Our co-op had its Spring Open House, and is Officially Over. Our class once again had a display table at the Open House, this time highlighting crochet:
from which you can see the fascination with the amigurumi bunny egg cozies (free pattern on the Lion Brand site, but you must sign up for a password to access it). Some of the kids made DOZENS of these, putting them over plastic Easter eggs with little treats in them, then distributing them for Easter. Then, one of the girls (the one with the largest army of bunnies) developed a sudden fascination with the crocheted roses at PlanetJune, and suddenly EVERYONE was crocheting roses.
Many items had been given away in the course of the year, and some of the kids opted to not display their stuff for whatever reason (given that Annabeth's amigurumi hamster wandered off in the course of the evening, probably in the clutches of some little kid, you can understand the reluctance to display some of the really cool stuff)(we eventually found the hamster in the lost-and-found).
The one suggestion I'd make if you're teaching middle-to-high school kids crochet or knitting -- besides bringing in magazines and books for project inspiration, take along a laptop or tablet and connect them with Ravelry or somesuch so they can browse free patterns. Given some of the content on Ravelry, you might want to browse with them to steer them away from some of the weirder stuff (for example, don't type in "american girl" and expect to only get innocuous pictures of stuff for dolls -- the phrase is used for other things, too). That's how the student ended up on PlanetJune -- she'd been looking through the author's book, saw the site address, looked it up online to see if the author had a pattern for a llama (she does, but it isn't free), and ended up finding the free pattern for roses.

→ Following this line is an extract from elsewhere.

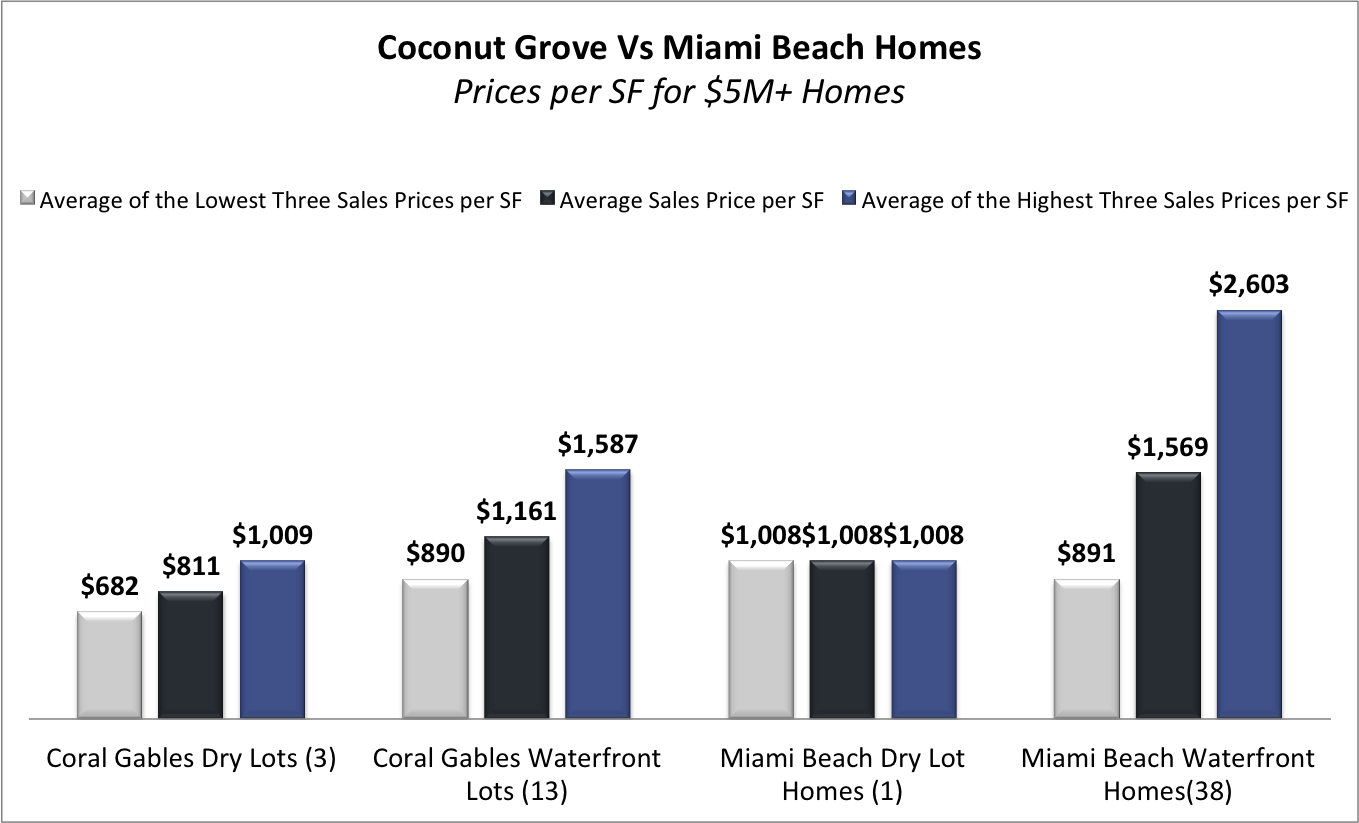 Coral Gables Homes vs Miami Beach Homes Coral Gables Homes vs Miami Beach Homes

By the way, the Totoros in the pictures were mine. I'd taken them along in case we didn't have much to put on the table -- I never know what the kids will think to bring, or if several will forget to bring anything at all. Another tip: lots of times they forgot their projects when they came to class, so it was good to have extra yarn and hooks so they could make some little something (roses! bunnies!) during the class time.
So, I'm glad that's over. Really, I've always thought I would loathe being a middle school teacher, and although I liked the kids in the class, I still feel that way. Too much drama.
We thought this would be the end of our co-op experience, but we've decided to sign up for a couple of classes next year. Thalia will be taking Kinetic Physics there -- the teacher is a mom who was a mechanical engineer and is an excellent instructor. Annabeth wants to take the Shepherd's Life Science -- I've no clue about the program, but she thinks it will be grand. And when I asked what they wanted me to do, get this -- they want me to teach 3rd-5th grade science! YES -- the same grades as the Junior Girl Scout badge book! AND they have no preconceived notions of curriculum, so I have carte blanche, sort of.
Seriously, talking to the other moms, I think we're going to do Physical Science and maybe a little Botany. And the emphasis will be on things that are too messy, too smelly, too BIG to do at home. In other words, we're going to be throwing Mentos in diet coke, making Ooblek, cooking red cabbage for a pH indicator, and generally having a weekly science camp. If you have any gotta-try-it ideas, let me know.